Apple-Sun: Who needs a Marriage Anyway?

Apple and Sun at their core are engineering companies. When one looks at it, both Apple and Sun are complementary businesses, aren't they? The former though is leaning towards consumer electronics and the latter towards the enterprise with Apple having a limited presence in Enterprise and Server space and Sun's only presence in consumer space is Java.

Last year, John C. Dvorak wrote for Marketwatch:
"Over the years Apple and Sun have traded sales and marketing people and integrating the two companies would be less troublesome than most M&A's since the corporate cultures are not much different. Also the product lines are very complimentary with only low-end servers having any conflicts.

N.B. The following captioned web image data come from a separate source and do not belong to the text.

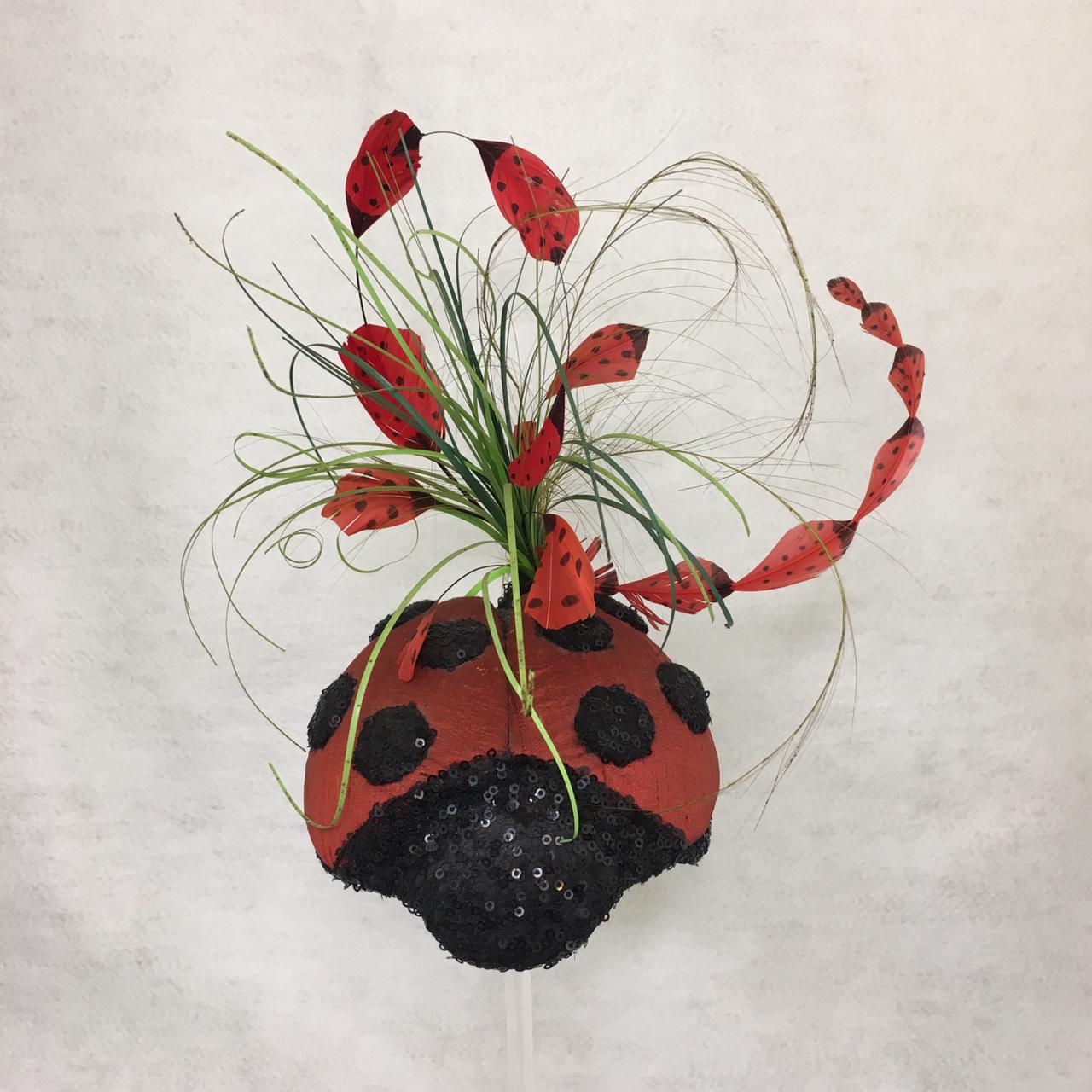 Lady Bird Cocktail Fascinator / Jacqueline Kolbe Millinery / South African Theatrical Hat Maker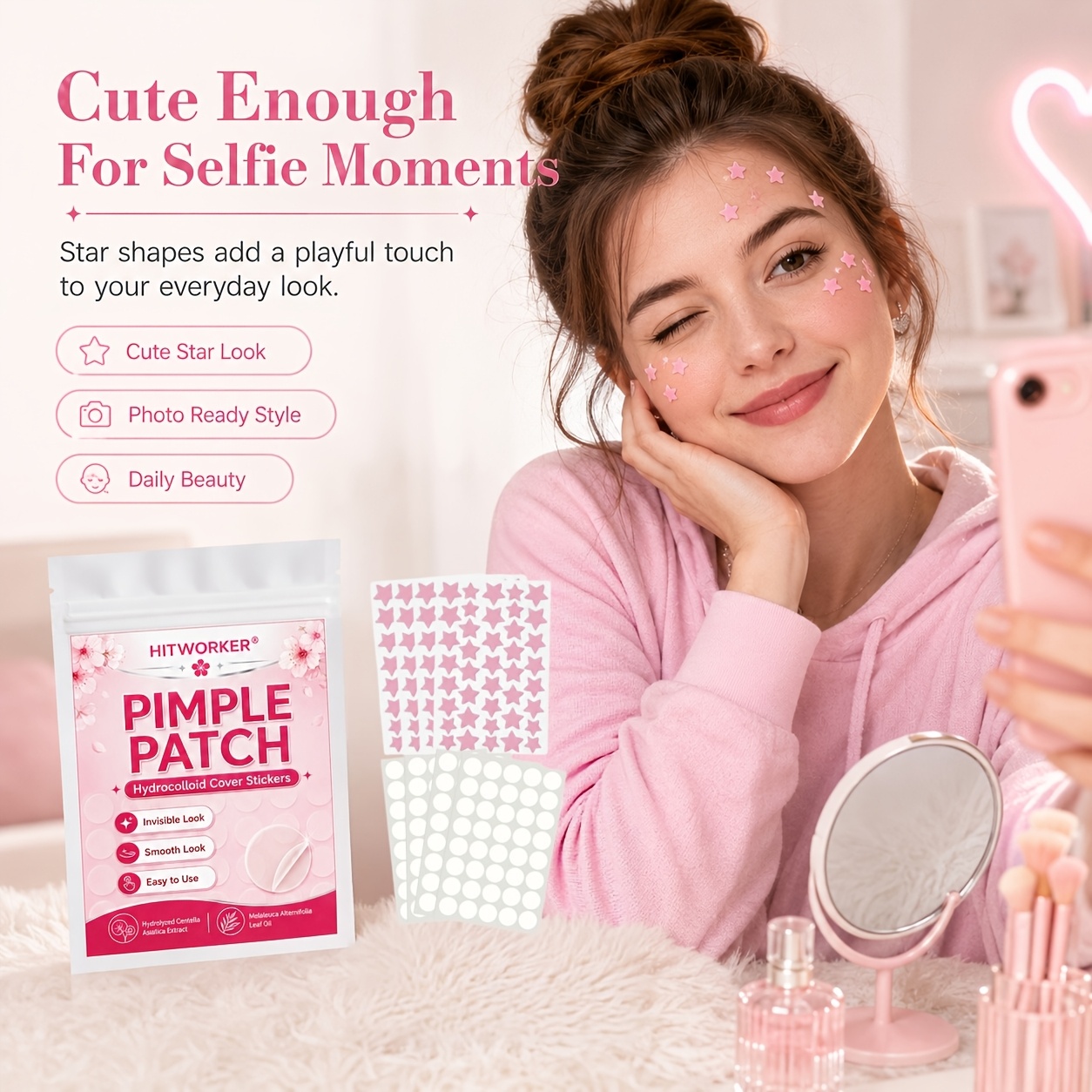 320개입 투명 하이드로콜로이드 커버 패치, 별 모양  - Hydrocolloid Acne Patch 리뷰 및 가격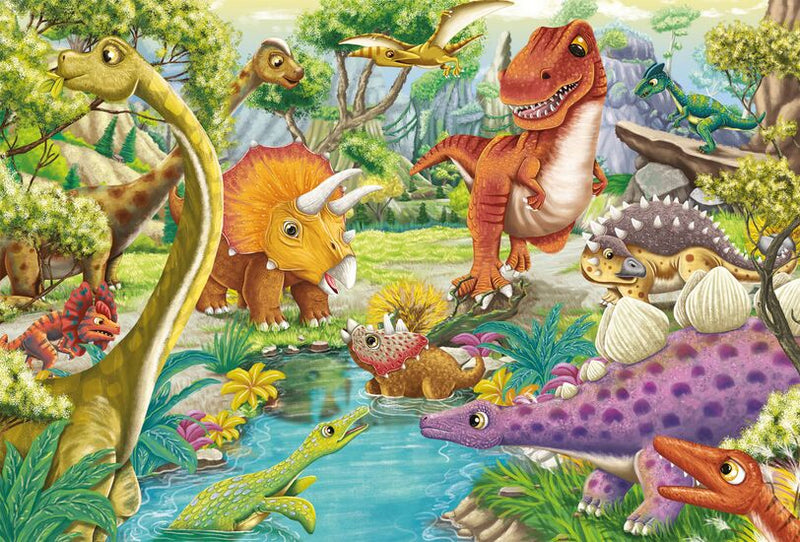 Schmidt Spiele - Puzzle - Pz 3X24 - Dino Fun - Limolin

When I run this concept past industry types the only pushback I get is from one observer who points out that Apple has never shown any M&A chops and almost seems adverse to deals like this. That may have been true in the past only because the situation was never perfect enough to pull the trigger. There is no denying constant Silicon Valley rumors about Sun-Apple as well as Apple-3Com and other deals."

Since then, nothing has changed. The conditions are still ripe for a merger.

Apple could easily buy Sun. The merging of Apple and Sun has been in the fan-boy wish list since before the Second Coming of Steve Jobs. Dial back in time, it was Apple looking for a suitor back then. Fast forward, hard times are just about over at Sun with them making a comeback of their own and is on the road towards making life miserable for Linux with the launch of a new OpenSolaris developer preview and reasserting itself as an innovative technology company, so much so that several technologies like DTrace and ZFS have recently found their way into Apple's Mac OS X. An acquisition of Sun by Apple can ease the entry of Apple into the Enterprise (if they so choose, since Apple is focused more on the creative businesses), not to mention gaining all that software Sun has for use in consumer space. A marriage between these two companies is perfect.

What's stopping such a move? One doesn't need a merger to work together, just look at Apple-Google's alliance. Perhaps, Apple and Sun is best left to focus more on their core businesses. There is growth there. Who needs a marriage anyway? An Axis of Good between Apple-Google-Sun, wouldn't be too bad either, right?